A ball rolls my way… It's the red ball. No one in their right mind would throw the red ball. It's big. It's clumsy. It's an instant-catch. I roll it back toward my six opponents with a scoff. It's a long road across the slick, hardwood floor of our Normandy Beach, but with all this commotion its journey will go all but unrecognized. To my right another member of my three goes down in a hail of gunfire, removing one of our opponents in the process.
My brother in arms tosses me a loose ball he's just acquired.
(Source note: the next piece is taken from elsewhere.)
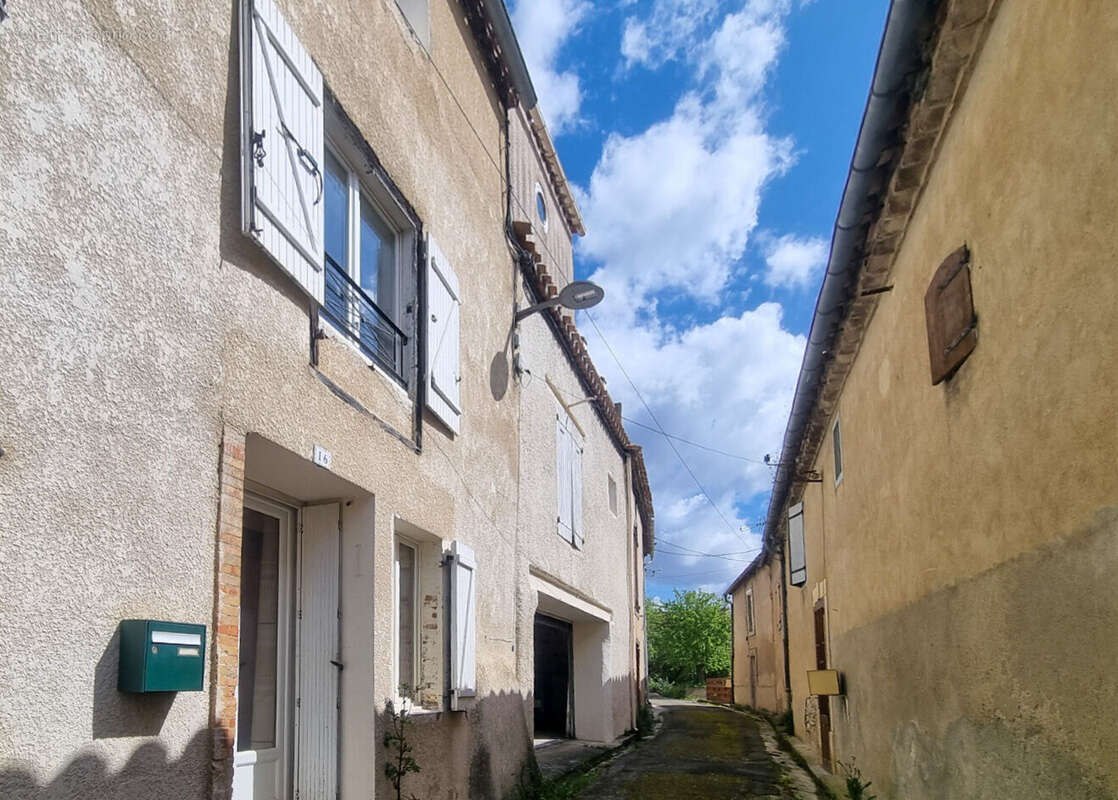 Maison de village de 4 chambres avec garage et grande terrasse offrant une vue panoramique sur les vignes - photo 9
It's the green ball, recently purchased, still soft and springy. This ball would please any player, but it doesn't please me. I roll it toward the other team, much to my comrade's dismay. He's disappointed that I haven't ruined an enemy's face, but it's not about force anymore. It's a mental game now. My enemy's focus is on him, not on me. And in due time he takes the brunt of an enemy attack. They have no choice but to aim for me now. This is the hour of the Scorpion.
There are four of them and only one of me, but we're locked in a stalemate, a waiting game. Who will make the first move? I have one ball now, the blue one, locked into my left arm mainly for protection. They have all the rest. WHIFF! One of my opponents has gotten cocky. The orange ball is sailing right past me. I nab it after it smacks the wall and with an "Ung!" and an "Rrmph!" let both balls fly. The first smacks the ground a few feet in front of him. This is what we'll call a spoiler, an ill-placed shot that serves mainly as a distraction. The second connects with his legs, nearly tripping him. Success!
(Time's up! Did the scorpion succeed in eliminating his opponents? Or did he fall in a barrage of foam-rubber like so many before him?)